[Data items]
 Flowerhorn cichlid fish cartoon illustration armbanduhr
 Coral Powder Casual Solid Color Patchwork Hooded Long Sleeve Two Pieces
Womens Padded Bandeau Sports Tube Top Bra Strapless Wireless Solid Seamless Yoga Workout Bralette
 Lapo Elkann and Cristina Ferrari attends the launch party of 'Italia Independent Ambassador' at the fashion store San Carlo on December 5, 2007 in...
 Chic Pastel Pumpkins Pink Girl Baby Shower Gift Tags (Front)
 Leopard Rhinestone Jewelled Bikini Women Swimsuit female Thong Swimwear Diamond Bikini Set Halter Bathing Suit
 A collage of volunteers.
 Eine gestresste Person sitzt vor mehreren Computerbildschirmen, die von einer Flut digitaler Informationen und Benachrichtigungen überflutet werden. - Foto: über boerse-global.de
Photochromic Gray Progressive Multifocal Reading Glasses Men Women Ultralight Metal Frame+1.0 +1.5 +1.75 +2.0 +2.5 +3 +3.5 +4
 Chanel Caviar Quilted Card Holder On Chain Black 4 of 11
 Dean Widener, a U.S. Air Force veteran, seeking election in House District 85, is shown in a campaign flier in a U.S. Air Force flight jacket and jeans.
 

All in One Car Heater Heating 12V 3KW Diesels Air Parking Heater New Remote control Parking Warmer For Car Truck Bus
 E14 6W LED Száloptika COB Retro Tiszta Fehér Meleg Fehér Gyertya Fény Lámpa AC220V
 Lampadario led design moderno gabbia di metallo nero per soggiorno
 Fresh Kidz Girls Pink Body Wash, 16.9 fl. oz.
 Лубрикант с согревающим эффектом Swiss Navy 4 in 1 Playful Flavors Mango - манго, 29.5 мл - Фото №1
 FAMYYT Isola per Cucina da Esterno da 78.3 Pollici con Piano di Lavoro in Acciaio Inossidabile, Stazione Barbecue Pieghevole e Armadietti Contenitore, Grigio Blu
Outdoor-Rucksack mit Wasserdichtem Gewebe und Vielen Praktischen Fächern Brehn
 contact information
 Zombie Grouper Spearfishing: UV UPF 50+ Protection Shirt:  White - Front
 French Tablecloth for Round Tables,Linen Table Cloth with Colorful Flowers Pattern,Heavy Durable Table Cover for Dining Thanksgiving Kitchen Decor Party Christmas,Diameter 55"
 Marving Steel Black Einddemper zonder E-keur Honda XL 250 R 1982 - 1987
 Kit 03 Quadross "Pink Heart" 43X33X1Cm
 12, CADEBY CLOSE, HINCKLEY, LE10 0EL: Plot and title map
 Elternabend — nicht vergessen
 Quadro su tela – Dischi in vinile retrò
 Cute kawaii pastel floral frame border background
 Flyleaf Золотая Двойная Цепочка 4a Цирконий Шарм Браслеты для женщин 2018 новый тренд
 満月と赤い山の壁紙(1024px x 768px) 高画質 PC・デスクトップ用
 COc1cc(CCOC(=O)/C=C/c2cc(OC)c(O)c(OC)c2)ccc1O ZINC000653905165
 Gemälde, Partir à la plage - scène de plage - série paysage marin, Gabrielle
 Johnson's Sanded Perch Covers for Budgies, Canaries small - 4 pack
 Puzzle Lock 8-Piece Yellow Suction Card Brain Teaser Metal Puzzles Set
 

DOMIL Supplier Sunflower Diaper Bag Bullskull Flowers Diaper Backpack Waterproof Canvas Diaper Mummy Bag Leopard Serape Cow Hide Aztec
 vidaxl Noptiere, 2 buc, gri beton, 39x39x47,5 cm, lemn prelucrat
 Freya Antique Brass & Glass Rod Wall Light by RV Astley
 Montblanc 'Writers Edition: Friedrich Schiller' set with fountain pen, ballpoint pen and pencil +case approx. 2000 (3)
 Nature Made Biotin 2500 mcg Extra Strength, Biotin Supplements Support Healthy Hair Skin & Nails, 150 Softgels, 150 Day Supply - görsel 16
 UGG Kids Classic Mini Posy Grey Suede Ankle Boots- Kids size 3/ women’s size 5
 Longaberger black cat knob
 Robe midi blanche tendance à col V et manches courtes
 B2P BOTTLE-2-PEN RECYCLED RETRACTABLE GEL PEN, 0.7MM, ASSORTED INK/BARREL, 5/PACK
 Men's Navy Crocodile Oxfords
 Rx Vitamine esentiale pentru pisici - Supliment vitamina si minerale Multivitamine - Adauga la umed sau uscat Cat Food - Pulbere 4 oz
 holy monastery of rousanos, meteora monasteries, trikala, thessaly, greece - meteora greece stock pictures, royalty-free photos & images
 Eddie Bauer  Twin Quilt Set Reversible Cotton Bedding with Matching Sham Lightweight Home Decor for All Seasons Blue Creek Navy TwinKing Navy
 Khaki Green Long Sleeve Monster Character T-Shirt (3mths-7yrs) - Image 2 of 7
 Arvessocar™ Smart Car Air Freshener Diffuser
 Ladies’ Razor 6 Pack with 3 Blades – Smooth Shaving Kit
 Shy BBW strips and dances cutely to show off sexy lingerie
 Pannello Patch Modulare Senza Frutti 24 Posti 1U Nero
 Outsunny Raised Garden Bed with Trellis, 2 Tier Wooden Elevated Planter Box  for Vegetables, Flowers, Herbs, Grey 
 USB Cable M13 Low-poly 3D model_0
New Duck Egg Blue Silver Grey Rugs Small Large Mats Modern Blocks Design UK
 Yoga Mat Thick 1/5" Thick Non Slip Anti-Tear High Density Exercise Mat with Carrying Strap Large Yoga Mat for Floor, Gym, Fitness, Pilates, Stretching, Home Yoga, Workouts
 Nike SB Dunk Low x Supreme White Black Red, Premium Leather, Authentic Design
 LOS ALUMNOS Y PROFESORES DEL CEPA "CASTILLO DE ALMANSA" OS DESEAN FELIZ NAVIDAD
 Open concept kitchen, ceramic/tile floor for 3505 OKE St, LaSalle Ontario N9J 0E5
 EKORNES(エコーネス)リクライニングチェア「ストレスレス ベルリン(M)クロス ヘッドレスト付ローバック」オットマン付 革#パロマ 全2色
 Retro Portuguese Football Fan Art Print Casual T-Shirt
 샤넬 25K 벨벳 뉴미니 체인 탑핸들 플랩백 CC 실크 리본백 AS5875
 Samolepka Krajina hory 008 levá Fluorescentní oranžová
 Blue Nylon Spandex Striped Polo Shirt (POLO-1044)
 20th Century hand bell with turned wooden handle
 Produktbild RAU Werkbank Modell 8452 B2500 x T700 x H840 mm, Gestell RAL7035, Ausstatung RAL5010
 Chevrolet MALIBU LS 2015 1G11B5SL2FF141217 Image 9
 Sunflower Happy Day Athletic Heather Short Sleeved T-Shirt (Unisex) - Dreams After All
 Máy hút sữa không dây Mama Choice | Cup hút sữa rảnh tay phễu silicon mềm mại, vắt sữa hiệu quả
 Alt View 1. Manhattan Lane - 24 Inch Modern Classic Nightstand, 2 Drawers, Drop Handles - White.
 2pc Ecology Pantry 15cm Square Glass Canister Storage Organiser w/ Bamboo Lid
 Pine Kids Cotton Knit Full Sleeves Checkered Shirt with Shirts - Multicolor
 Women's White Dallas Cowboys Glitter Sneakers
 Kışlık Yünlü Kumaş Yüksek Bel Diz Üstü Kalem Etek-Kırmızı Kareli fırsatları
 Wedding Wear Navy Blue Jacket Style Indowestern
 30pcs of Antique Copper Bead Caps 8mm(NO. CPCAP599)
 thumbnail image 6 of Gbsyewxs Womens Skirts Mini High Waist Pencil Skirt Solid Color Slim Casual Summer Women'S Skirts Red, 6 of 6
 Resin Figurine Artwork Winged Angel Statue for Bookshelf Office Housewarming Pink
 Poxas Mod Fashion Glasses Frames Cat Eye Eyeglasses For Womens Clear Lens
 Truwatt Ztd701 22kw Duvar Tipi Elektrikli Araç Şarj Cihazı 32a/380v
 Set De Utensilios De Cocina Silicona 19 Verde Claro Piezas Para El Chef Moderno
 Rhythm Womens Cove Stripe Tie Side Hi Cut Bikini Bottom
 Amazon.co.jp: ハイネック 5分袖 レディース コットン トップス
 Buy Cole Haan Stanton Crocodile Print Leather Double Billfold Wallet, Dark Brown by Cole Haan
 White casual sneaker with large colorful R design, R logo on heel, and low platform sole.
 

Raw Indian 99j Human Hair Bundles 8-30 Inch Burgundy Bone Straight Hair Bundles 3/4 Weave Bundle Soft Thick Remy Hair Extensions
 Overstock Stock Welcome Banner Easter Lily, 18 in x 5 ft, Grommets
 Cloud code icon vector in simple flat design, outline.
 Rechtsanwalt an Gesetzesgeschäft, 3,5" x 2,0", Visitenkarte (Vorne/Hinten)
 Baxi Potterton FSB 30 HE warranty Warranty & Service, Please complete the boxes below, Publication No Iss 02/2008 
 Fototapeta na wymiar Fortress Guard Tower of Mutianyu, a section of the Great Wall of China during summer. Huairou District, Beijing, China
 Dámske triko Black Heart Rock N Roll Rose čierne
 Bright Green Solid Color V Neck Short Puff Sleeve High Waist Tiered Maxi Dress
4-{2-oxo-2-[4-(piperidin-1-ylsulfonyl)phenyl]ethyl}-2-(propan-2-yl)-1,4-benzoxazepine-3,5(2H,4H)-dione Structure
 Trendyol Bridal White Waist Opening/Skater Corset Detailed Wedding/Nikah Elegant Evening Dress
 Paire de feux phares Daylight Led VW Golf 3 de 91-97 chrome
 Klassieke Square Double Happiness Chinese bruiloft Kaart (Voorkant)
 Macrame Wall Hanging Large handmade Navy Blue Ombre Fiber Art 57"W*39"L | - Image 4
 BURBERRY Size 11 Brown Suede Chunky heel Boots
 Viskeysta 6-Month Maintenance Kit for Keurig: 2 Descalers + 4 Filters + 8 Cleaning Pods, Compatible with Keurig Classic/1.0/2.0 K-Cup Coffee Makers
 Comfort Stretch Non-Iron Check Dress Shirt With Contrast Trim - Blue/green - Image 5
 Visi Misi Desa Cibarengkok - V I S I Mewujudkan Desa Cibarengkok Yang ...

Assigned task: Which of the lines above hold the word "Yoga"? Copy each one.

Exercise output:
Womens Padded Bandeau Sports Tube Top Bra Strapless Wireless Solid Seamless Yoga Workout Bralette
 Yoga Mat Thick 1/5" Thick Non Slip Anti-Tear High Density Exercise Mat with Carrying Strap Large Yoga Mat for Floor, Gym, Fitness, Pilates, Stretching, Home Yoga, Workouts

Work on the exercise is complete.